===== Source data

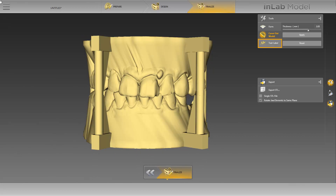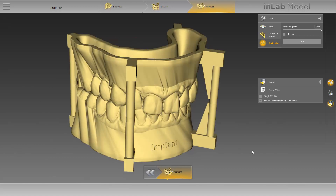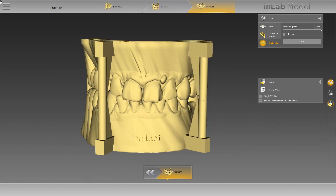Next, we activate the text label tool and use it to add text to our models. We move the cursor to a suitable location and type in the desired label without clicking again. You can use this tool to assign models to patients, for example. In our case, we write Implant. Double-clicking will confirm the label and allows you to add further labels. By activating the recess option, the label is recessed instead of being applied on the model. To avoid accidentally adding further text to the models, we will deactivate the tool when finished.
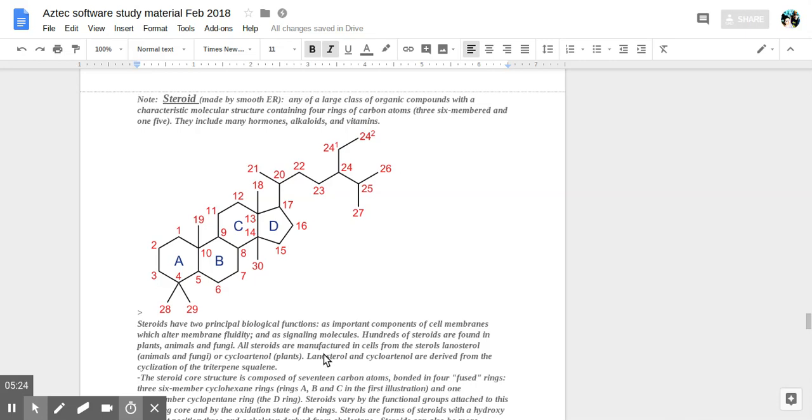Hundreds of steroids are found in plants, animals, and fungi. All steroids are manufactured in cells from the sterols lanosterol in animals and fungi, or cycloartenol in plants. Lanosterol and cycloartenol are derived from the cyclization of the triterpene squalene.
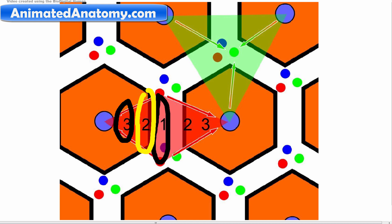Yellow fever, also known as yellow jack, yellow plague, or bronze john, is an acute viral disease. Symptoms include fever, chills, loss of appetite, and vomiting. Also importantly, zone one gets most of the oxygen but it is also more exposed to hepatitis viruses. I hope I have explained in detail the histology and brought some good conclusions about the liver.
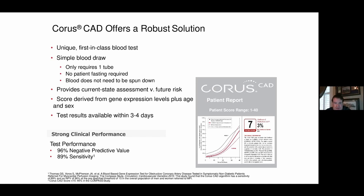Chorus CAD is a simple blood draw — only requires a single tube of blood, no fasting required, and doesn't even need to be spun down. A patient presenting in office with suspected blockage can have blood drawn right on the spot, cutting down the window for identifying a major problem. It's a genomic test — not genetic — looking at what's going on in the patient's body at that moment in time. It has a 1 to 40 score derived from gene expression levels plus the patient's age and sex. Tests are generally available within three to four days.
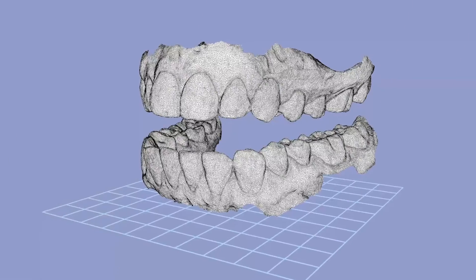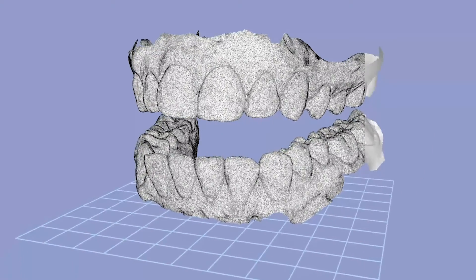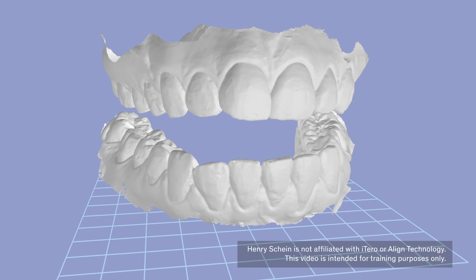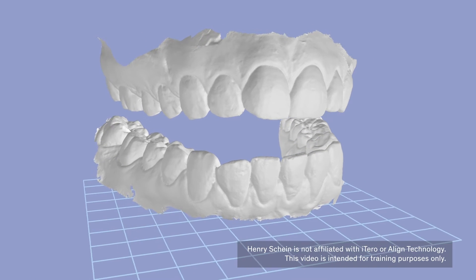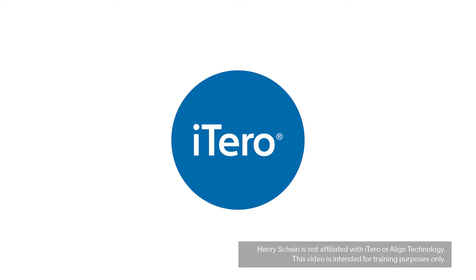If your clinic is already using an iTero scanner, you will be able to scan your patients and upload the STL files to DDX. The iTero software must include the orthodontic module.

==========

Copy the listing over exactly, skipping the pictures it holds.

Next, we activate the text label tool and use it to add text to our models. We move the cursor to a suitable location and type in the desired label without clicking again. You can use this tool to assign models to patients, for example. In our case, we write Implant. Double-clicking will confirm the label and allows you to add further labels. By activating the recess option, the label is recessed instead of being applied on the model. To avoid accidentally adding further text to the models, we will deactivate the tool when finished.
Hundreds of steroids are found in plants, animals, and fungi. All steroids are manufactured in cells from the sterols lanosterol in animals and fungi, or cycloartenol in plants. Lanosterol and cycloartenol are derived from the cyclization of the triterpene squalene.
Yellow fever, also known as yellow jack, yellow plague, or bronze john, is an acute viral disease. Symptoms include fever, chills, loss of appetite, and vomiting. Also importantly, zone one gets most of the oxygen but it is also more exposed to hepatitis viruses. I hope I have explained in detail the histology and brought some good conclusions about the liver.
Chorus CAD is a simple blood draw — only requires a single tube of blood, no fasting required, and doesn't even need to be spun down. A patient presenting in office with suspected blockage can have blood drawn right on the spot, cutting down the window for identifying a major problem. It's a genomic test — not genetic — looking at what's going on in the patient's body at that moment in time. It has a 1 to 40 score derived from gene expression levels plus the patient's age and sex. Tests are generally available within three to four days.
If your clinic is already using an iTero scanner, you will be able to scan your patients and upload the STL files to DDX. The iTero software must include the orthodontic module.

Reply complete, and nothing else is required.